There has thus been outlined, rather broadly, the more important features
of the invention in order that the detailed description thereof that
follows may be better understood and in order that the present
contribution to the art may be better appreciated. There are, of course,
additional features of the invention that will be described hereinafter
and which will form the subject matter of the claims appended hereto.
In this respect, before explaining at least one embodiment of the invention
in detail, it is to be understood that the invention is not limited in its
application to the details of construction and to the arrangements of the
components set forth in the following description or illustrated in the
drawings. The invention is capable of other embodiments and of being
practiced and carried out in various ways. Also, it is to be understood
that the phraseology and terminology employed herein are for the purpose
of descriptions and should not be regarded as limiting.
As such, those skilled in the art will appreciate that the conception, upon
which this disclosure is based, may readily be utilized as a basis for the
designing of other structures, methods and systems for carrying out the
several purposes of the present invention. It is important, therefore,
that the claims be regarded as including such equivalent constructions
insofar as they do not depart from the spirit and scope of the present
invention.
It is therefore an object of the present invention to provide a new and
improved conveyor system for receiving, orienting and conveying pouches
which has all the advantages of the prior art conveyors of known designs
and configurations and none of the disadvantages.
It is another object of the present invention to provide a new and improved
conveyor system for receiving, orienting and conveying pouches which may
be easily and efficiently manufactured and marketed.
It is a further object of the present invention to provide a new and
improved conveyor system for receiving, orienting and conveying pouches
which is of a durable and reliable construction.
An even further object of the present invention is to provide a new and
improved conveyor system for receiving, orienting and conveying pouches
which is susceptible of a low cost of manufacture with regard to both
materials and labor, and which accordingly is then susceptible of low
prices of sale to the consuming public, thereby making such a conveyor
system for receiving, orienting and conveying pouches economically
available to the buying public.
Even still another object of the present invention is to receive, orient
and convey pouches adapted to receive fluid material therein.

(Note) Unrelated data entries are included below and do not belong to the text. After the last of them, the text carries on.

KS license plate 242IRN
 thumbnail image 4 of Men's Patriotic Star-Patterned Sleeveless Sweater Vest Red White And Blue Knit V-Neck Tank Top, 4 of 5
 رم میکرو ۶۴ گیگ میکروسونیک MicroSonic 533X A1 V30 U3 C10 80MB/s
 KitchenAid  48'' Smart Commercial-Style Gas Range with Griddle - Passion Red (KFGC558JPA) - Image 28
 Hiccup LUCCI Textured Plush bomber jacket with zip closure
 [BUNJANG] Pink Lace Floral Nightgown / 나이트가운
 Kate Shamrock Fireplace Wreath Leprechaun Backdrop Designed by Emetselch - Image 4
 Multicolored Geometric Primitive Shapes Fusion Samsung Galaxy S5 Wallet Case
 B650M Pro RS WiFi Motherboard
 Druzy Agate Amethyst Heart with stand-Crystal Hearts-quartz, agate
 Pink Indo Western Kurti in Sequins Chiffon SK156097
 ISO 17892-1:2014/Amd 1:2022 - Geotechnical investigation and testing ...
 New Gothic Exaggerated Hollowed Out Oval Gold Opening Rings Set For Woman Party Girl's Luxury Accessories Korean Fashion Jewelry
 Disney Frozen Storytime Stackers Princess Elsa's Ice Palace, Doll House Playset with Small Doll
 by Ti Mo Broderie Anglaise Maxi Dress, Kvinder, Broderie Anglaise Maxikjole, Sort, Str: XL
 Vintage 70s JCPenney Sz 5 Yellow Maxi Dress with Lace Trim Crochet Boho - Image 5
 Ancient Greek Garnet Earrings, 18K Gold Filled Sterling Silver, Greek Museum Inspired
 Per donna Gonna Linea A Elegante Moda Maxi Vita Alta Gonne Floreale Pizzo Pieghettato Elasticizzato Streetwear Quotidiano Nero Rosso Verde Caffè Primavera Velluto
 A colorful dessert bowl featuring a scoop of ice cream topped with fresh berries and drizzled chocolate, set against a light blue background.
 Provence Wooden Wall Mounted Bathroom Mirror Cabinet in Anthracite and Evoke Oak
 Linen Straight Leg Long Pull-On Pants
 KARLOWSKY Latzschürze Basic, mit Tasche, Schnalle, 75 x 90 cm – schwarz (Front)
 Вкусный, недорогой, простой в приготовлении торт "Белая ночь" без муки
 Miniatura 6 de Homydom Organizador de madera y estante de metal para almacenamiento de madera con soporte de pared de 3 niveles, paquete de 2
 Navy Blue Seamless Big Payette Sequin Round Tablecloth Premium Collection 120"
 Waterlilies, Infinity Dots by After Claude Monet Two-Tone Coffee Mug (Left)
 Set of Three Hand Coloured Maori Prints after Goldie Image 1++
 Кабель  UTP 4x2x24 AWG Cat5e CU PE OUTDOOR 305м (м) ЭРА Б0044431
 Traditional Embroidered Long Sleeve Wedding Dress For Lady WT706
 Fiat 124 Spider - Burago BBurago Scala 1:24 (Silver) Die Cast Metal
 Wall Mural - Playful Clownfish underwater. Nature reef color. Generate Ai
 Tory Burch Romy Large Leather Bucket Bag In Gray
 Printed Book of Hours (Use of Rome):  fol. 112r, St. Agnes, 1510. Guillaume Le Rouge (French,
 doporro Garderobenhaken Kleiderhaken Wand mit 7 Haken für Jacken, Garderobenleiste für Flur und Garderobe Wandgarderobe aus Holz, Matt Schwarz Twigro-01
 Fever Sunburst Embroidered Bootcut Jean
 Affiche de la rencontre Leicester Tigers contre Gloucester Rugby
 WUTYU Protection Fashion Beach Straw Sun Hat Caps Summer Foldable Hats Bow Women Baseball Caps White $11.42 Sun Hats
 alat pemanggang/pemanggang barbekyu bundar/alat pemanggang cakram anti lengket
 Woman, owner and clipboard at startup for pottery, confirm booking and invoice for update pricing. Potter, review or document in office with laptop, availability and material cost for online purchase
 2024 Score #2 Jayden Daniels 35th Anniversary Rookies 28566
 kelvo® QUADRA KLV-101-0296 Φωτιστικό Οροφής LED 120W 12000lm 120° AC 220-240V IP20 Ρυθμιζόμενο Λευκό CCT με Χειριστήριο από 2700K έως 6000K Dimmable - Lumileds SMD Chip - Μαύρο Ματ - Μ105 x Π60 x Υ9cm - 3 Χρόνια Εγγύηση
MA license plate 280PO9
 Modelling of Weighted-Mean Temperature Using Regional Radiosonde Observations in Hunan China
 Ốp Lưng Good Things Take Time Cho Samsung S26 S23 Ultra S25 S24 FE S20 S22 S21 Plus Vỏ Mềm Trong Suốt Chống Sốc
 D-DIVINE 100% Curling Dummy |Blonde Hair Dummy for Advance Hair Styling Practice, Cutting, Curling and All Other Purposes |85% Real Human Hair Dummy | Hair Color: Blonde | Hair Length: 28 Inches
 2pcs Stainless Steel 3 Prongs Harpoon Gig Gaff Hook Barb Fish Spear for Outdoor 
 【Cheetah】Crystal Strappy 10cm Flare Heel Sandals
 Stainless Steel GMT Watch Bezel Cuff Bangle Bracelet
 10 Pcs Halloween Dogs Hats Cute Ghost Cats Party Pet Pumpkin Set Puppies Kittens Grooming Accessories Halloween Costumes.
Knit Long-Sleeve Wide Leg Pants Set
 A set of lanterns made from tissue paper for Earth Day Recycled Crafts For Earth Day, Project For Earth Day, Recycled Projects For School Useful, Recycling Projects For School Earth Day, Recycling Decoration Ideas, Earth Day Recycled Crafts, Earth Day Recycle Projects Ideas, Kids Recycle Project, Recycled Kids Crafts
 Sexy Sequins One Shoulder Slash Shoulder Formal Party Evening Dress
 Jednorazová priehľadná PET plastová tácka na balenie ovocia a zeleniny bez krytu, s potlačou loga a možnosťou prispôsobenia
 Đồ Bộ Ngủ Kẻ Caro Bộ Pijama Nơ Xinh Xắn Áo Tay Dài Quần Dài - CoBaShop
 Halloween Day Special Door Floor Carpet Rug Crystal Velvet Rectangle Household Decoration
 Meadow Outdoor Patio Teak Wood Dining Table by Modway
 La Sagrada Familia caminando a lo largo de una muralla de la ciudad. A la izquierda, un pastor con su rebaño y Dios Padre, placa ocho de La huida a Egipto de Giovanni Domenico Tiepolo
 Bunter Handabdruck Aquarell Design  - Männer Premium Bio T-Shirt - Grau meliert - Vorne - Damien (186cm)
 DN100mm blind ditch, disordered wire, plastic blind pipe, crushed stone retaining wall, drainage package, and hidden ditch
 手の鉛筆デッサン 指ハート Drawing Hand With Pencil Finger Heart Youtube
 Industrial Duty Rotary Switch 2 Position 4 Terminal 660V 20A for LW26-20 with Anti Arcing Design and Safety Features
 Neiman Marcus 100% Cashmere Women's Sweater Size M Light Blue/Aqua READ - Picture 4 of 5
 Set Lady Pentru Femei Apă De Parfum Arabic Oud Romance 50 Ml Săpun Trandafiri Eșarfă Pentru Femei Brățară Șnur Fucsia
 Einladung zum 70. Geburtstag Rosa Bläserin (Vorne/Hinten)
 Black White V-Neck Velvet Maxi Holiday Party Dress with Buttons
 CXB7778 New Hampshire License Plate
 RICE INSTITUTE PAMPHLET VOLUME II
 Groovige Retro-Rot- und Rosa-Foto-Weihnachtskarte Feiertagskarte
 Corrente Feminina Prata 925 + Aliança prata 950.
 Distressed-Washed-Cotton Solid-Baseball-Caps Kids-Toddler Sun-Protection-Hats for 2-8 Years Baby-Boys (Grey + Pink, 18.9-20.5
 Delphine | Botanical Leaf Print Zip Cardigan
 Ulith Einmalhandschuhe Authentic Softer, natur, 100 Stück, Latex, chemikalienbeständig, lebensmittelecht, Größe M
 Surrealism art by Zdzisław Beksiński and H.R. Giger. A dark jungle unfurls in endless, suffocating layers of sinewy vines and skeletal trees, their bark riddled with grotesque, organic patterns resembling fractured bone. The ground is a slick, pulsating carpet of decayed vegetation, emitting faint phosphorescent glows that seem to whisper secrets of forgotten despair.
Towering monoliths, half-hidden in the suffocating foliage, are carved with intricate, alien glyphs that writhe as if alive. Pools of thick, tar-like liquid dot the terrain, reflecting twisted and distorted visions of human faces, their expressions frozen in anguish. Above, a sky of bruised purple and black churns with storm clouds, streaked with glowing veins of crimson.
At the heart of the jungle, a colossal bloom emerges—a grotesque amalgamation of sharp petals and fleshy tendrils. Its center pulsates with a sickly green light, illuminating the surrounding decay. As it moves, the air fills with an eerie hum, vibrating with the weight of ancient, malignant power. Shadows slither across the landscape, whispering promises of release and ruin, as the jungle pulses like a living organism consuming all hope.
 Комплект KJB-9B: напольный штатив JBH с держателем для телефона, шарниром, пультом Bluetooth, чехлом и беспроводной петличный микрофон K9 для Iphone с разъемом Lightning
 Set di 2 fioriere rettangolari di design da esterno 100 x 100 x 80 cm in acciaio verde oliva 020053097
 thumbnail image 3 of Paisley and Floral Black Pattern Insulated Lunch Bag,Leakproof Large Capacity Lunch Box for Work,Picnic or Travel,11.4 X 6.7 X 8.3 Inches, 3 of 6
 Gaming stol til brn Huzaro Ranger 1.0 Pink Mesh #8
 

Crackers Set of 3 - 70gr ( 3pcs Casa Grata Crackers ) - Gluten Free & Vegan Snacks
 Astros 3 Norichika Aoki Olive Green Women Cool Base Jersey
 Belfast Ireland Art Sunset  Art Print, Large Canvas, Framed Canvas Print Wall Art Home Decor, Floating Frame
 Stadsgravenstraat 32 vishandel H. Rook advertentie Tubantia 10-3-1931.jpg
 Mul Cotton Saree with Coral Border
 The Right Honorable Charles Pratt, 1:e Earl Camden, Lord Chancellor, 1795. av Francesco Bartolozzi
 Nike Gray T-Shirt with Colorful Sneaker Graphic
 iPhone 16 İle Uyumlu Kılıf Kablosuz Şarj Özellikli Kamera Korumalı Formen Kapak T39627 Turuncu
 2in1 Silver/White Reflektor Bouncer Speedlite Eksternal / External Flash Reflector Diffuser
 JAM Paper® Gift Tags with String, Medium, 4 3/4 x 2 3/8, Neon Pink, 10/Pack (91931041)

Lastly, it is an object of the present invention to provide a conveyer
system for receiving, orienting and conveying pouches. The conveyor system
includes a plurality of pucks, each puck having a lower extent with a
recess extending upwardly from the lower surface thereof and having an
upstanding cylindrical wall. An indexing conveyer includes a belt in a
closed loop configuration supported by an idler roller at one end and with
a drive roller at the other end with a motor to drive the rollers and belt
in a step and repeat operation. The exterior surface of the belt is formed
with a plurality of plates with a cleat on each plate to receive the
recesses of a plurality of pucks thereacross. An infeed conveyer has a
spine alignable with the cleat at the input end of the indexing conveyor
adapted to receive and orient pucks from the infeed conveyer to the
indexing conveyer. The infeed conveyer has an input end and an output end,
the output end being located adjacent to the input end of the indexing
conveyer. The infeed conveyor includes a belt in a closed loop
configuration supported by an idler roller at one end and a drive roller
at the other end with a motor to drive the rollers and belt and pucks
thereabove to the indexing conveyor. Lastly, a filler exit conveyor has an
input end and an output end, the input end being located in operative
proximity to the output end of the indexing conveyor. The filler exit
conveyor includes a conveyor belt supported by an idler roller and a drive
roller with a motor to drive the rollers and belt.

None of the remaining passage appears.